- **Problem to work on**
Below are the entries; give again exactly the lines from the one mentioning "картины Синди Грундстен" through the one mentioning "M90942 アマラント Cランク", inclusive.

- **Provided records**

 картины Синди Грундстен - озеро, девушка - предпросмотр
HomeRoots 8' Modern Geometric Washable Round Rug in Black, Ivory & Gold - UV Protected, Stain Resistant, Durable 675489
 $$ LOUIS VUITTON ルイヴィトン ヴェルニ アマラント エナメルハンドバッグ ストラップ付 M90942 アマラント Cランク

---

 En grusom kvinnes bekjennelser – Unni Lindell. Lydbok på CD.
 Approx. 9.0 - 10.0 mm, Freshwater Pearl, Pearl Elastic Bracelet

- **Final answer**
 картины Синди Грундстен - озеро, девушка - предпросмотр
HomeRoots 8' Modern Geometric Washable Round Rug in Black, Ivory & Gold - UV Protected, Stain Resistant, Durable 675489
 $$ LOUIS VUITTON ルイヴィトン ヴェルニ アマラント エナメルハンドバッグ ストラップ付 M90942 アマラント Cランク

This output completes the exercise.